Review: The World He Once Knew by Micah Castle

by Micah Castle
Release Date: January 26, 2024
2024 Fedowar Press, LLC
Ebook ARC: 190 Pages
ISBN: 978-1956492484
Genre: Fiction / Horror / Sci-fi
Source: Review copy from author
4 / 5 Stars
Jay has been uploaded into a new body to investigate why the transporter ship Candlemass went dark fourteen days ago. After the ship's owner gives him the rundown of the assignment, he's quickly ushered on board. In the halls of the derelict vessel, Jay discovers black sludge coating the inner hull, leading him to a container in the Cargo Bay. As Jay digs further, he's thrown into a psychological maelstrom of the ship's and, more importantly, his own history and what led him to be uploaded in the first place.
The World He Once Knew is a transcendental, sci-fi horror novel set in the distant future. Here, the deceased's consciousness can be bought and uploaded and forced into labor. They can't quit, even if their new lives make them wish they were dead again.
My Thoughts
The World He Once Knew takes place in the far-distant future where Jay, married and a police detective in his old life, is uploaded into a new body and is now a HUSK, someone who was bought and created in this future world for a specific purpose.  On the shorter side at under 200 pages, the story follows Jay as he is sent to the ship Candlemass to discover why it went dark and what happened to the crew. Full of twists and turns, this short story definitely packed a lot into it and left me with a lot of questions, especially in terms of ethical ones and what the future may actually hold for us as humans.
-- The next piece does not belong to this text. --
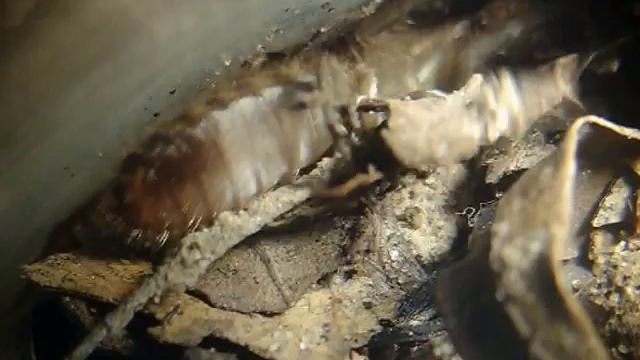 Solífugo (Solifugae - Mummuciidae - Gaucha fasciata) смотреть онлайн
Jay is pretty much the only character in this book that we get to know.  There are a couple of secondary characters, but Jay's interaction with them is so brief we don't really get to know them well or discover much about them.  Jay was downloaded for his skillset as a detective in his old life; combine that with the fact that his current body doesn't need rest, food, or does any of the other bodily functions of a normal human being, he is the perfect person to send into something that could be dangerous.  I loved his inner monologue as he explored the ship and thought the flashbacks to his former life blended seamlessly into the story.  I kept hoping those flashbacks would allow him to regain his humanity and lead a normal life once he got off the ship, but as the story progressed, you learned the true horror behind all of it.  

The world building was my favourite part of this book, and it took me a while to realize how subtle and amazing it actually was. As Jay roamed around the ship, I developed this inner map of what the ship looked like, something I do for any sci-fi book I read, as I need to visualize the setting, especially for something so alien.  However, I realized as the book progressed the ship was sort of...changing, depending on what was happening to Jay. It was so subtle I didn't even realize it was happening until a certain episode happened, and then I was thinking how cool that was, how I was manipulated without even realizing it.  Then I wondered what else I missed because the writing style and the horror are not in your face bloodshed, rather it's a subtle horror that just creeps up on you as you read.  

The World He Once Knew is a fantastic title and definitely has a double-meaning behind it now that I have finished this book.  I thought it was creepy in a deceptive kind of way, the horror sort of enveloping you without you realizing what was happening. It's not a campy, bloody type of horror, but a psychological one, one that I loved as I appreciated the subtlety of the writing. The twists and turns were definitely there and as such, I didn't know what to expect, but the same thing happening in the previous book I read by this author as well.  The biggest horror element in this book though, is the thought that this could be our future, our reality, and that scares me the most of all.